Give the lines below again exactly, starting with the line that holds "2022 GMC Terrain SLT" and going on through the line that holds "Used 2024 Black Cadillac Sport image 8".

** Material provided follows **

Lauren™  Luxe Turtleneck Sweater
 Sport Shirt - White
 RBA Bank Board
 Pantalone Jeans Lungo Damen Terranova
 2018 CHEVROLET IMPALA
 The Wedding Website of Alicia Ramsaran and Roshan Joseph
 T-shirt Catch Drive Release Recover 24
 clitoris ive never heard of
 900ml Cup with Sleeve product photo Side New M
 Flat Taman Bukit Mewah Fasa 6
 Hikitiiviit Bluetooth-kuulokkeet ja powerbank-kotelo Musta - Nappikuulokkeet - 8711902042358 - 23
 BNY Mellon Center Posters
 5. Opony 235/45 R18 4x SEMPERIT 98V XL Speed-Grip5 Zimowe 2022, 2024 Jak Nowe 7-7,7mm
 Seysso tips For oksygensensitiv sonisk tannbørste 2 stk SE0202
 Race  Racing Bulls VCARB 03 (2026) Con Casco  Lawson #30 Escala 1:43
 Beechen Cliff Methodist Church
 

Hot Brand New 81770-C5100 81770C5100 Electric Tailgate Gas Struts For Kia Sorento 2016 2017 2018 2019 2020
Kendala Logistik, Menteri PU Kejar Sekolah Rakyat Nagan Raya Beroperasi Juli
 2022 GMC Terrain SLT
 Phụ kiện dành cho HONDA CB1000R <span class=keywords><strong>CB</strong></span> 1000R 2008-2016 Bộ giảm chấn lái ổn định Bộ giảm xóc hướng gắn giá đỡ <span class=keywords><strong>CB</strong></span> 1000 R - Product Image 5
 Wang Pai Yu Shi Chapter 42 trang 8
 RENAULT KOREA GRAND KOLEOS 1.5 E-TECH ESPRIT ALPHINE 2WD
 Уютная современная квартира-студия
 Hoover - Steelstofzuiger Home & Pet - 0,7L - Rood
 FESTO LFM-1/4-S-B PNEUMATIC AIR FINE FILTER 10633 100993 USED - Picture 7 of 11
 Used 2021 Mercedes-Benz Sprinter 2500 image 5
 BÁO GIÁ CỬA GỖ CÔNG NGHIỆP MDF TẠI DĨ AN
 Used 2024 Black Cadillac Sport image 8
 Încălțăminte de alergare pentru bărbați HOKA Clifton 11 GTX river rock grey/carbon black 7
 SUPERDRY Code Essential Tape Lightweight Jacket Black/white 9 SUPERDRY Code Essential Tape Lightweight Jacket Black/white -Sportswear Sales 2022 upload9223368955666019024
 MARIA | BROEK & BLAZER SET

** End of Material provided **

- _Reply to the task_:
 2022 GMC Terrain SLT
 Phụ kiện dành cho HONDA CB1000R <span class=keywords><strong>CB</strong></span> 1000R 2008-2016 Bộ giảm chấn lái ổn định Bộ giảm xóc hướng gắn giá đỡ <span class=keywords><strong>CB</strong></span> 1000 R - Product Image 5
 Wang Pai Yu Shi Chapter 42 trang 8
 RENAULT KOREA GRAND KOLEOS 1.5 E-TECH ESPRIT ALPHINE 2WD
 Уютная современная квартира-студия
 Hoover - Steelstofzuiger Home & Pet - 0,7L - Rood
 FESTO LFM-1/4-S-B PNEUMATIC AIR FINE FILTER 10633 100993 USED - Picture 7 of 11
 Used 2021 Mercedes-Benz Sprinter 2500 image 5
 BÁO GIÁ CỬA GỖ CÔNG NGHIỆP MDF TẠI DĨ AN
 Used 2024 Black Cadillac Sport image 8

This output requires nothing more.